LGL Provided Advisory Opinion in EC(t)HR case Buhuceanu and Ciobotaru v. Romania

After obtaining permission by European Court of the Human Rights (ECtHR)  to indirectly participate in the supranational judicial proceedings, National LGBT rights organization LGL submitted the Amicus Curiae brief in the ECtHR case Buhuceanu and Ciobotaru v. Romania, brought by 26 Romanian applicants regarding human rights violations resulting from insufficient same-sex family rights recognition.

Third Party court intervention brief, submitted together with the LGBT and their Friends Association Mozaika (Latvia); Love Does Not Exclude Association MNW (Poland), Iniciatíva Inakost (Slovakia), LGBTI Organization BILITIS (Bulgaria) and in cooperation with White & Case LLP (Brussels) , explores the similarities between legal and social environments and its practical impact on LGBT families in the remaining EU Member States with very limited to no LGBT family rights recognition.

The document argued that a prominent lack of legal protection results in flagrant discrimination against a significant part of the population and breaches their fundamental rights protected under the European Convention of Human Rights.

Amicus also made a reference to Vallianatos and Others v. Greece, in which ECtHR found violation of Article 14 in conjunction with Article 8 of the European Convention of Human Rights an Fundamental Freedoms (ECHR). In this case the Court stated that the ECHR is a living instrument to be interpreted in present-day conditions while noting that  Lithuania and Greece remain the only countries under ECHR mechanism  to reserve the existing partnership institute exclusively to different-sex couples.

In case further permission will be granted by the ECtHR, LGL will proceed with submitting results of the extensive research on practical legal and social daily life challenges faced by same-sex couples in the last EU Member States with virtually no regulations concerning the status same-sex relationships.

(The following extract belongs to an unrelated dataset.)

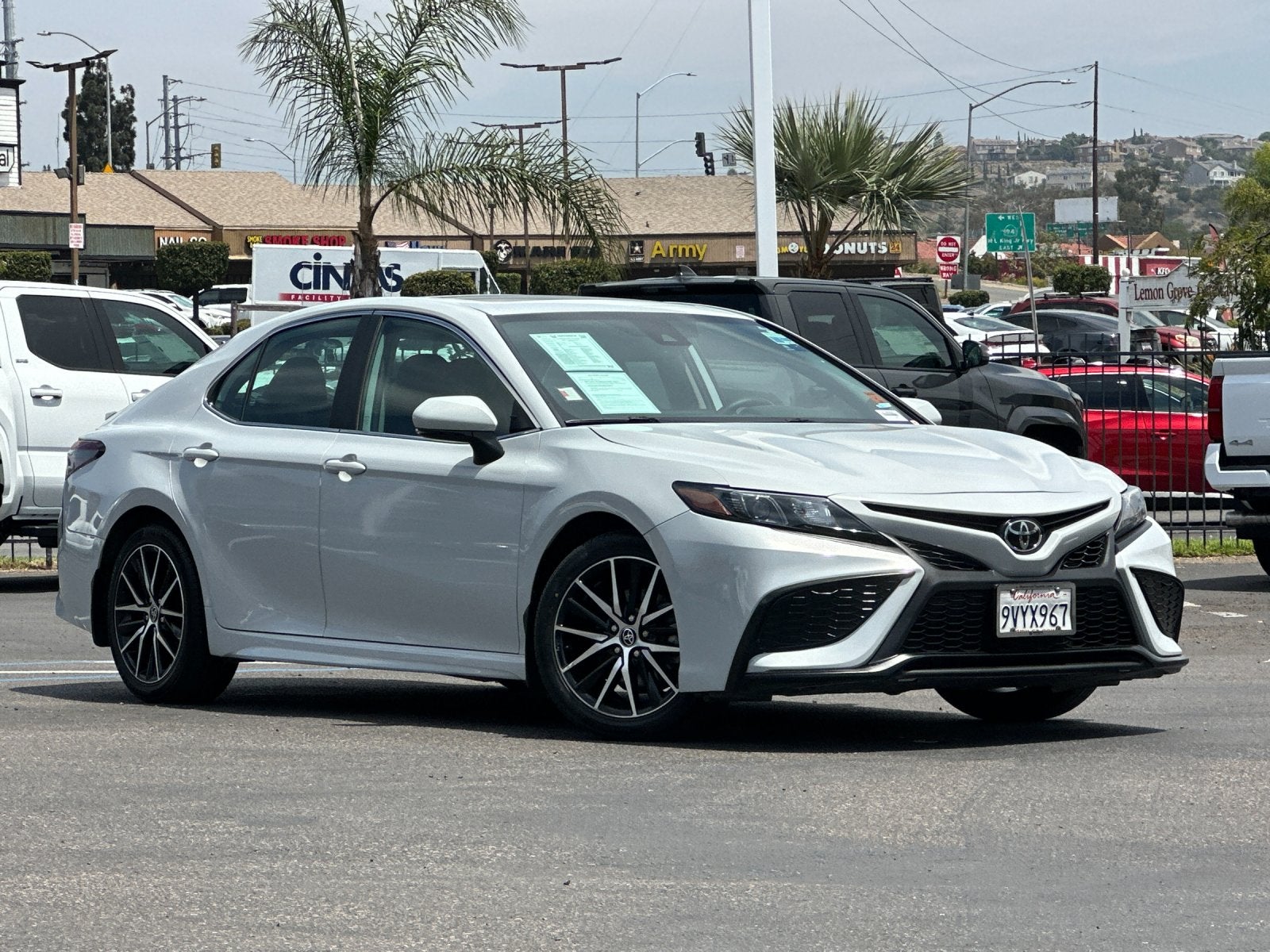 2023 Toyota Camry SE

This Court intervention brief was prepared strictly on pro bono basis in cooperation of CSO experts and legal professionals. No European Union funding was used for its preparation and/or dissemination purposes taking into account that no European Union funding should go to advocacy directly aiming to change the national legislation on a person’s status, including the definition of marriage, or to litigation targeting that legislation.